Of all the authors I love and admire, I think Austen's rules for living life are the most practical, if not the most true. Her attention to the civilities is what keeps the wheels of social interaction turning. She puts the civil in civilization.

I have three sisters. I am very close with each of them. Their friends are my friends. They have included me in their plans, schemes and lives as far back as I can remember. My sister T has been my best friend all my life. We would joke that we did not need to make friends because we had each other. At my wedding she read a passage from the Book of Ruth that I particularly chose. As she recited "Wither thou goest, I will go," I knew we were referring to my husband and myself, but also to T and myself. We had referred to this passage always.

But up until about 6 months ago, she and I had not really even spoken for nearly 3 years. It is a trip to even type that phrase. We live less than 3 miles apart. Our children go to the same school. But we fell completely apart somewhere around 3 or 4 years ago. There was an erosion, and a few awful watershed incidents, and then silence. Judgemental, angry, hurt, egotistical silence. For years.

There never was any acknowledgement of the falling out, nor will there ever be. Somewhere around a few months ago, we began to reinvent our relationship.

It's distant and careful. I can live with this, because I am more guarded with her now than I have ever been with any person because I was so completely bereft when she and I crumbled. Pride goeth before the fall, I know. Yes, I am sure that of the Seven Deadly Sins, Pride is my weakness, and could easily lead to my downfall.

Here is where Austen creeps in: That there has never been an open discussion about what happened and why. No blame will ever be assigned. No purge. No Come to Jesus. None and never. She and I are each the most prideful people I have ever known, and in order to become friends again, it is by tacit agreement that we allow each other to save face entirely by just picking it up and moving on.

Austen would approve. Her characters are allowed to save face. Their pride is intact. They are never brought low by the truth being broadcast, regardless of their sin, because the truth usually hurts innocent parties as well. It is for the greater good that it be allowed to remain in the past.

But what happens to Austen's sinners? She leaves that to fate or karma or the Justice of God. It comes around.
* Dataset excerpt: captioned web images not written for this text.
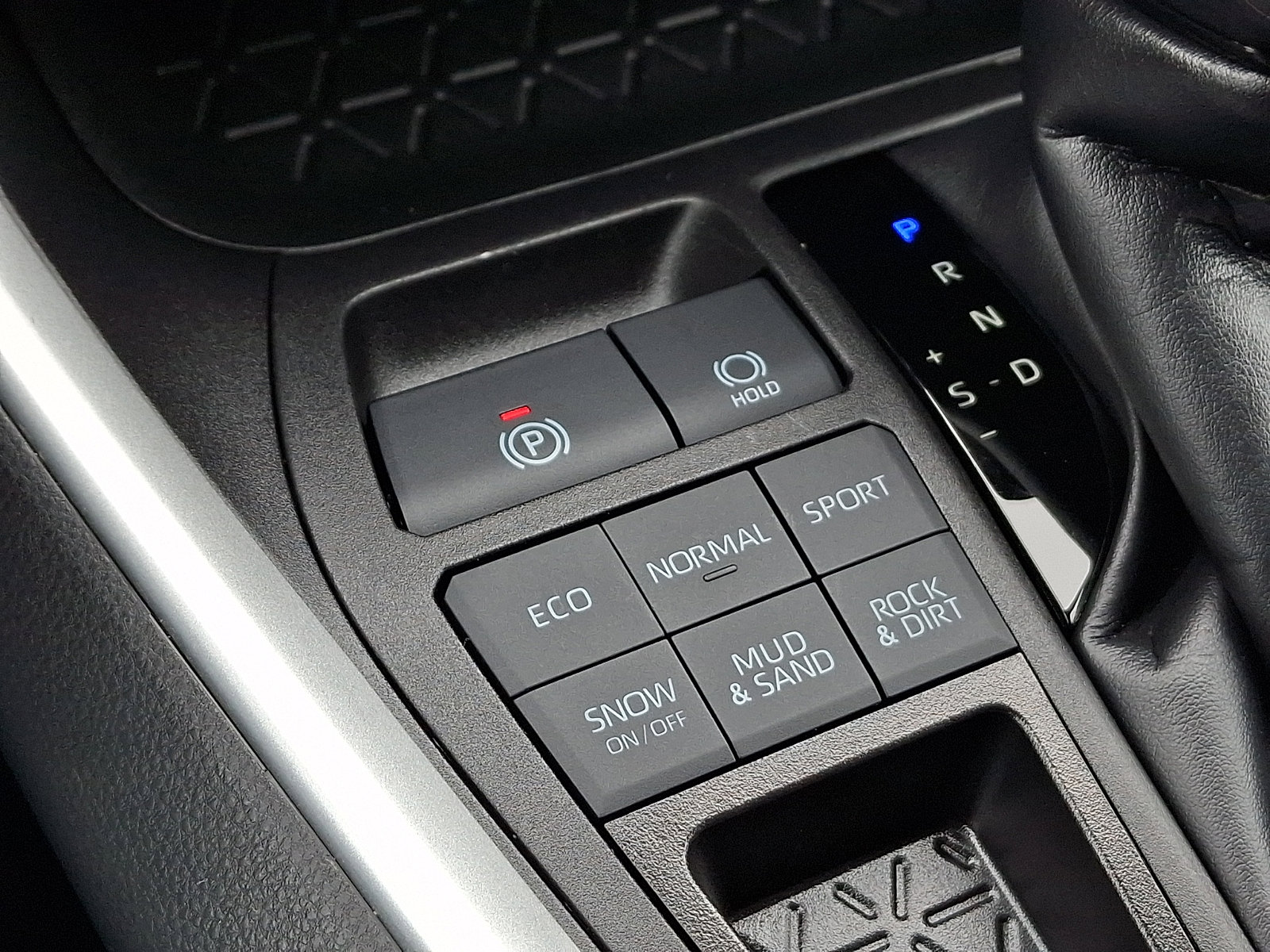 Used 2023 Toyota RAV4 LE image 25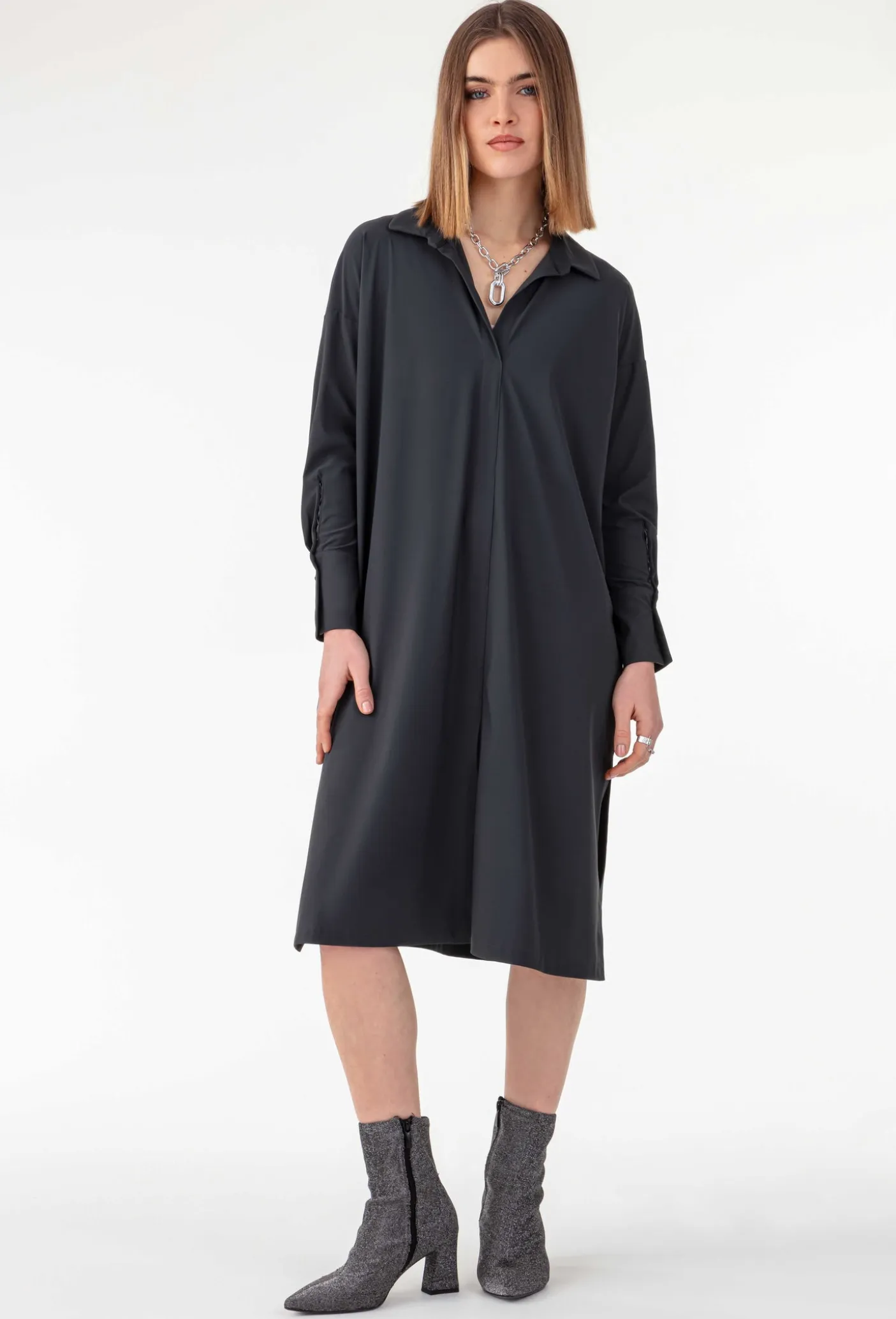 ROBE EMRYS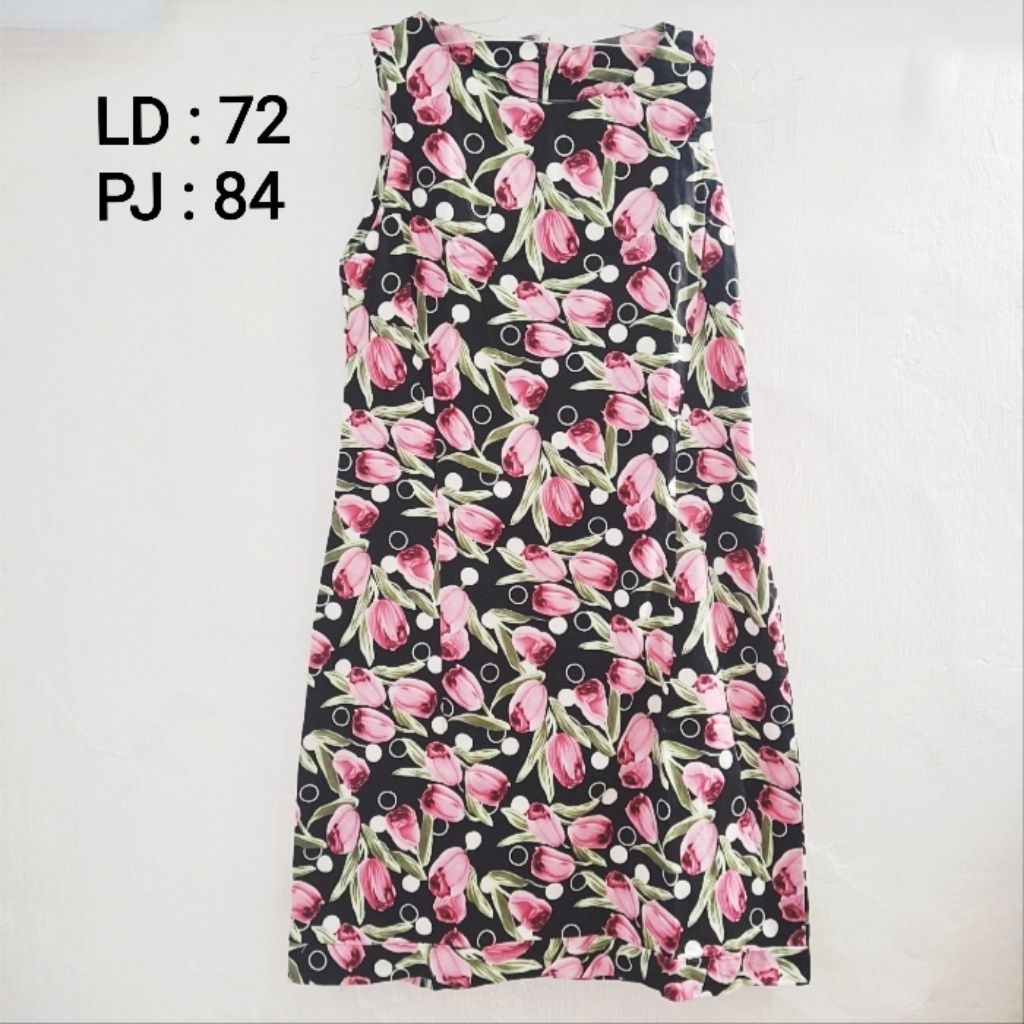 Midi Dress Wanita Hitam Motif Bunga Tulip Pink - Handmade, Kain Katun  (Preloved/Bekas)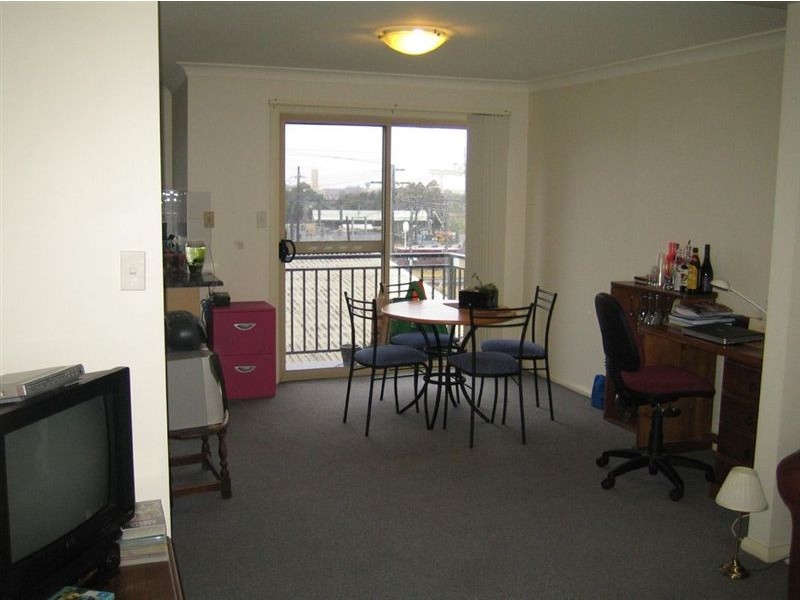 13/35 Bridge Street, Coniston NSW 2500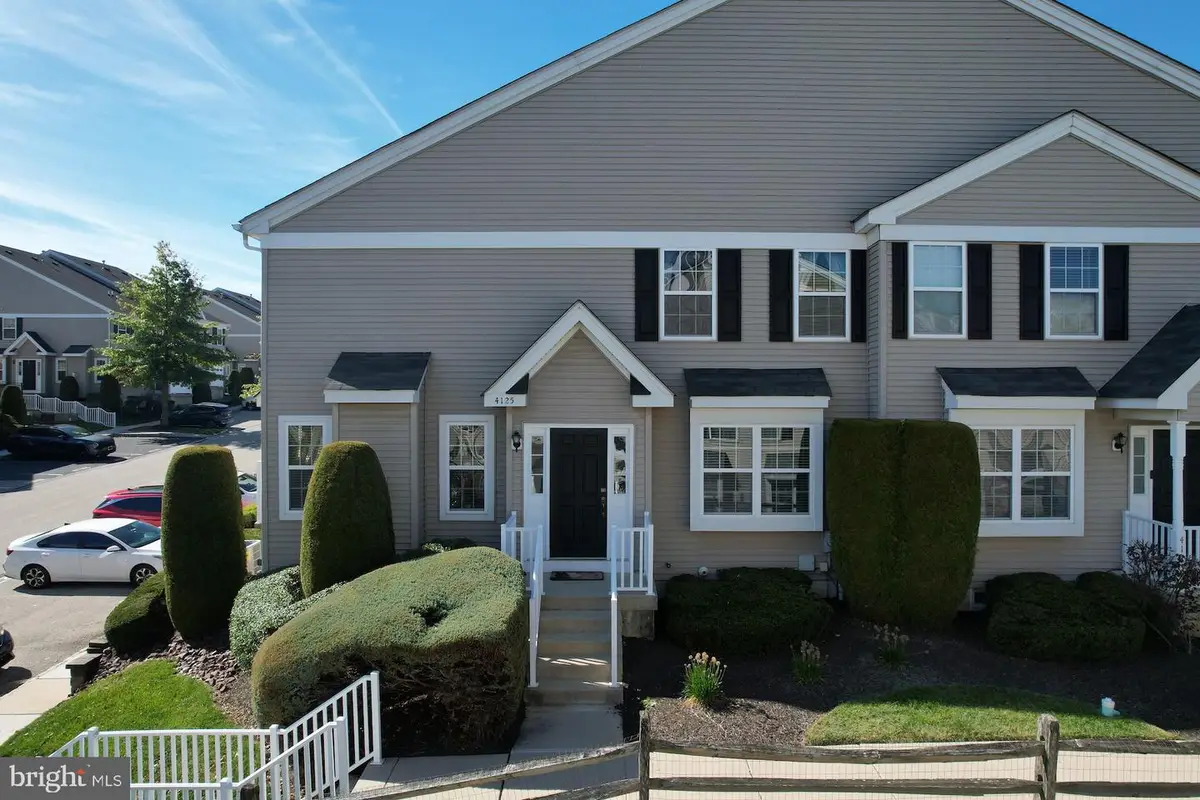 4125 Bunker Hill Dr S, Coopersburg, PA 18036 - #1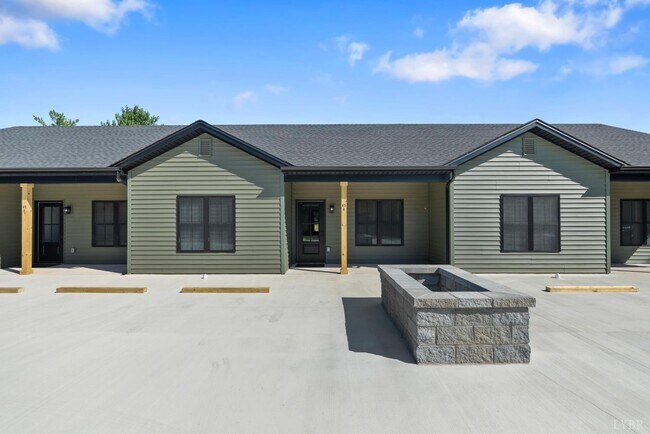Building Photo - 45 Savage Dr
Willoughby throws over Marianne, his true love, in order to engage himself to a cold but very rich woman. He needs the money, you see. As Marianne's sister later states:

"But does it thence follow that, had he married you, he would have been happy? The inconveniencies would have been different. He would then have suffered under the pecuniary distresses which, because they are removed, he now reckons as nothing. He would have had a wife of whose temper he could make no complaint, but he would have been always necessitous -- always poor; and probably would soon have learnt to rank the innumerable comforts of a clear estate and good income as of far more importance, even to domestic happiness, than the mere temper of a wife."

Karma bit Willoughby in the shorts. He has money but a wife he does not love. He broke faith with Marianne, but was allowed to get away with it without censure because to bring him to task would hurt Marianne, her family, her social standing, etc.

I am all for being allowed to save face. Pretending it did not happen is fine with me, if one is prepared to pay the price.

Regarding my sister, we communicate regularly now, but strangely enough, we communicate through music or movies or books. ALL we talk about are cbooks we have read, character analysis, motivations, music we are listening to recently, movies we have seen and our reactiosn to them. We communicate (sad but true) through the Netflix interface more than in person.

For now, it is almost fine with me. I feel like I'm learning to walk again after having casts on both legs for years. I'm really glad I'm walking, but I hate myself for being clumsy enough to allow the break to happen. Pride goeth before the fall.